The county’s decision allows South Minnewaukan Township to abandon one section line road — a portion of 46th Street Northeast, east of the city and north of Highway 2 — and use a portion of the more than $837,000 obtained through the Federal Emergency Management Agency to build a new 1.5-mile road on higher ground at Haybale Bay and a three-quarter-mile section of 42nd Street Northeast, just off of the Woods-Rutten Road.
It’s been a two-year struggle, Frith said, as local and federal governments reviewed rules and negotiated to find some common ground. The new policy allows townships to abandon flooded roads and build on higher ground, but only after the new road is open.
The FEMA policy allows new roads on higher ground in cases where the original road borders Devils Lake, or if they provide the only access to occupied residences.
“We’re more fortunate than a lot of townships,” Frith said. “Many of them don’t have any money left to deal with roads. Some only have two or three miles left of their whole road system. How devastating would it be to be able to see your farm, your home, but you can’t get to it. That’s what a lot of them are living with.”

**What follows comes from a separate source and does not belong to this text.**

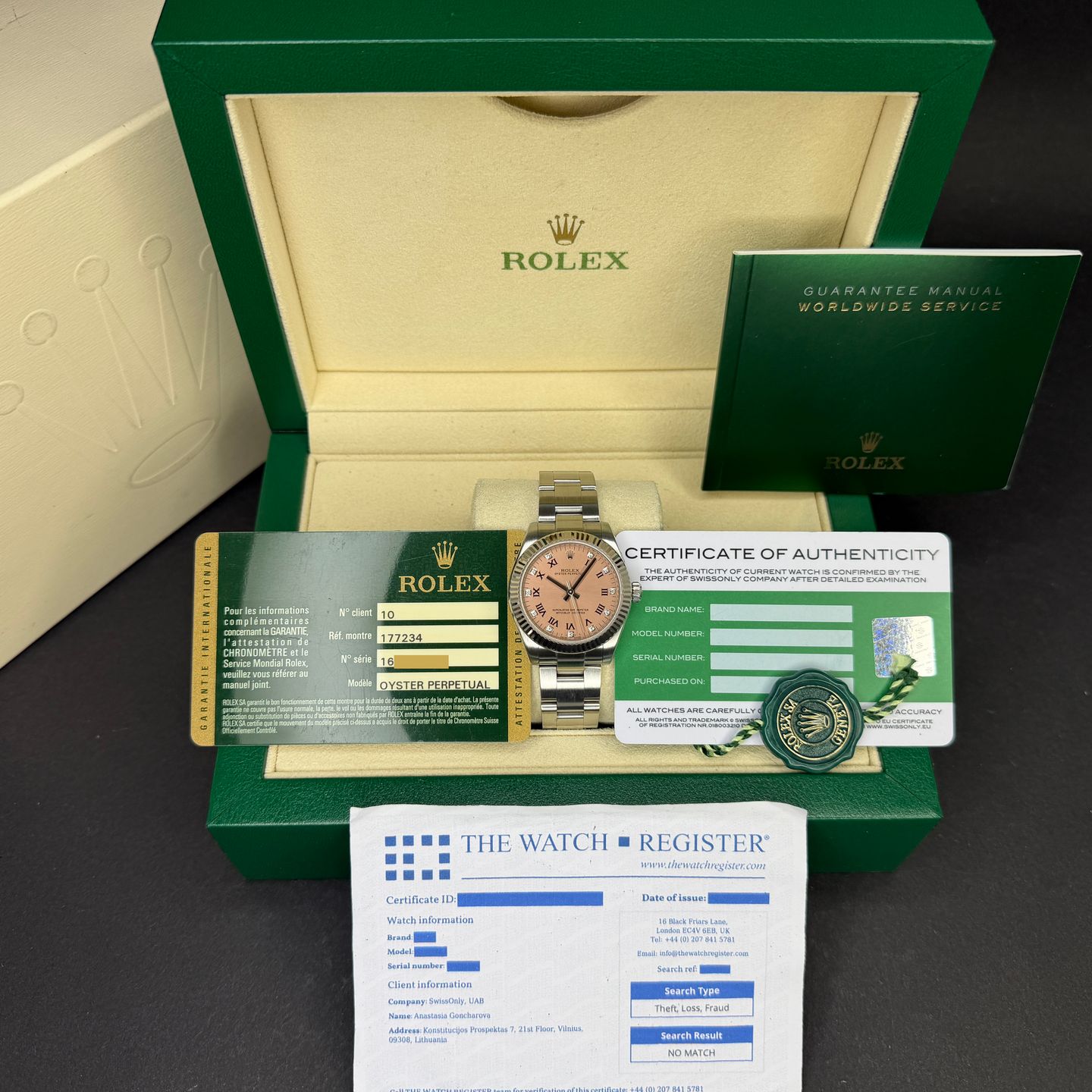 Rolex Oyster Perpetual 31 177234 - (3/8)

Because South Minnewaukan Township borders the growing lake, it has fewer roads to maintain. It also straddles both sides of U.S. Highway 2, so it benefits from new businesses building along the highway to cash in on the growing fishing industry and road construction trade.

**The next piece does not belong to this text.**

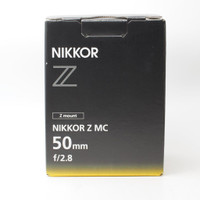 Nikkor Z MC 50mm f2.8 (Open Box) (ID - 2086)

Mertens said business at Haybale Heights is far better than he expected when they started building the resort in the fall of 2009. He had 107 campsites last year and added another 34 this year. All but seven are leased for the year.
Then again, the investment is more than he figured, too. This year, he and his brother spent about $50,000 to install a new boat landing.
“You have to invest money to make money, and I couldn’t have imagined it’d gone this fast,” he said of the new resort. Still, he added, “The water’s a misery.”
Frith said the Mertens have the right idea.
“You can’t just sit back and wait for the government to make things right,” he said. “A lot of that happened after (Hurricane) Katrina. You have to help yourself out as much as you can, and if FEMA can help out, well that’s just great.”
Bonham is a reporter at the Grand Forks Herald, which is owned by Forum Communications Co.